All of lore.kernel.org
 help / color / mirror / Atom feed
From: Alex Williamson <alex.williamson@redhat.com>
To: "Dr. David Alan Gilbert" <dgilbert@redhat.com>
Cc: Kirti Wankhede <kwankhede@nvidia.com>,
	cjia@nvidia.com, kevin.tian@intel.com, ziye.yang@intel.com,
	changpeng.liu@intel.com, yi.l.liu@intel.com, mlevitsk@redhat.com,
	eskultet@redhat.com, cohuck@redhat.com,
	jonathan.davies@nutanix.com, eauger@redhat.com, aik@ozlabs.ru,
	pasic@linux.ibm.com, felipe@nutanix.com,
	Zhengxiao.zx@alibaba-inc.com, shuangtai.tst@alibaba-inc.com,
	Ken.Xue@amd.com, zhi.a.wang@intel.com, yan.y.zhao@intel.com,
	qemu-devel@nongnu.org, kvm@vger.kernel.org
Subject: Re: [PATCH v10 Kernel 1/5] vfio: KABI for migration interface for device state
Date: Mon, 6 Jan 2020 16:18:51 -0700	[thread overview]
Message-ID: <20200106161851.07871e28@w520.home> (raw)
In-Reply-To: <20200102182537.GK2927@work-vm>

On Thu, 2 Jan 2020 18:25:37 +0000
"Dr.
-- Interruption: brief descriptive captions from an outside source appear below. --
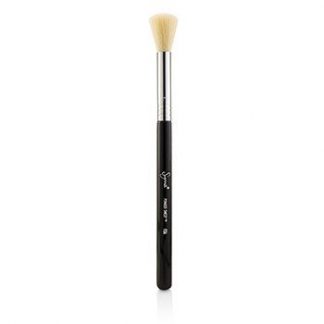 Sigma Beauty F06 Powder Sweep Brush  -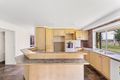 Property photo of 12 McKim Road Gisborne VIC 3437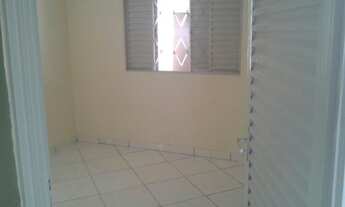 Imagem 2: Casa para vender ou alugar em Porangatu go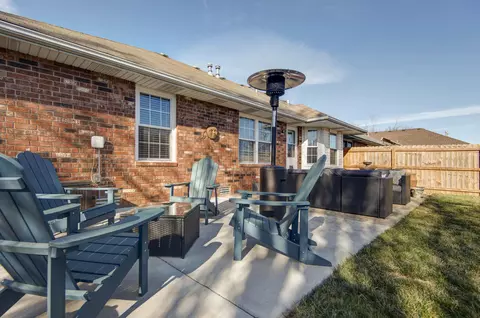 606 N Ellen St, Nixa, MO 65714 photo 28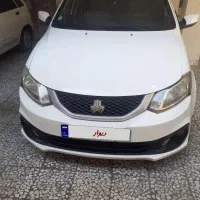 ساینا s مدل ۱۴۰۱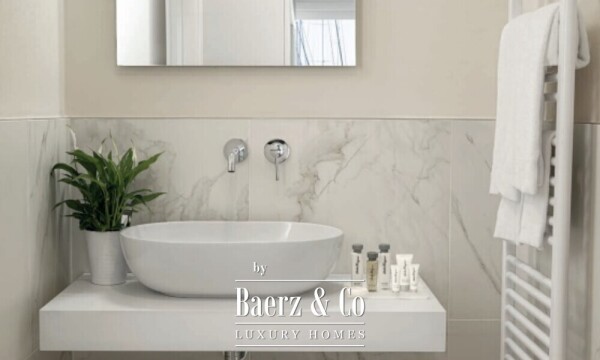 photo 5 Marina di Scarlino Giglio - 1B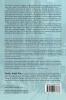 Mission Strategy in the City: Cultivation of Inter-Ethnic Common Grounds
David Alan Gilbert" <dgilbert@redhat.com> wrote:

> * Alex Williamson (alex.williamson@redhat.com) wrote:
> > On Fri, 20 Dec 2019 01:40:35 +0530
> > Kirti Wankhede <kwankhede@nvidia.com> wrote:
> >   
> > > On 12/19/2019 10:57 PM, Alex Williamson wrote:
> > > 
> > > <Snip>
> > >   
> 
> <snip>
> 
> > > 
> > > If device state it at pre-copy state (011b).
> > > Transition, i.e., write to device state as stop-and-copy state (010b) 
> > > failed, then by previous state I meant device should return pre-copy 
> > > state(011b), i.e. previous state which was successfully set, or as you 
> > > said current state which was successfully set.  
> > 
> > Yes, the point I'm trying to make is that this version of the spec
> > tries to tell the user what they should do upon error according to our
> > current interpretation of the QEMU migration protocol.  We're not
> > defining the QEMU migration protocol, we're defining something that can
> > be used in a way to support that protocol.  So I think we should be
> > concerned with defining our spec, for example my proposal would be: "If
> > a state transition fails the user can read device_state to determine the
> > current state of the device.  This should be the previous state of the
> > device unless the vendor driver has encountered an internal error, in
> > which case the device may report the invalid device_state 110b.  The
> > user must use the device reset ioctl in order to recover the device
> > from this state.  If the device is indicated in a valid device state
> > via reading device_state, the user may attempt to transition the device
> > to any valid state reachable from the current state."  
> 
> We might want to be able to distinguish between:
>   a) The device has failed and needs a reset
>   b) The migration has failed

I think the above provides this.  For Kirti's example above of
transitioning from pre-copy to stop-and-copy, the device could refuse
to transition to stop-and-copy, generating an error on the write() of
device_state.  The user re-reading device_state would allow them to
determine the current device state, still in pre-copy or failed.  Only
the latter would require a device reset.

> If some part of the devices mechanics for migration fail, but the device
> is otherwise operational then we should be able to decide to fail the
> migration without taking the device down, which might be very bad for
> the VM.
> Losing a VM during migration due to a problem with migration really
> annoys users; it's one thing the migration failing, but taking the VM
> out as well really gets to them.
> 
> Having the device automatically transition back to the 'running' state
> seems a bad idea to me; much better to tell the hypervisor and provide
> it with a way to clean up; for example, imagine a system with multiple
> devices that are being migrated, most of them have happily transitioned
> to stop-and-copy, but then the last device decides to fail - so now
> someone is going to have to take all of them back to running.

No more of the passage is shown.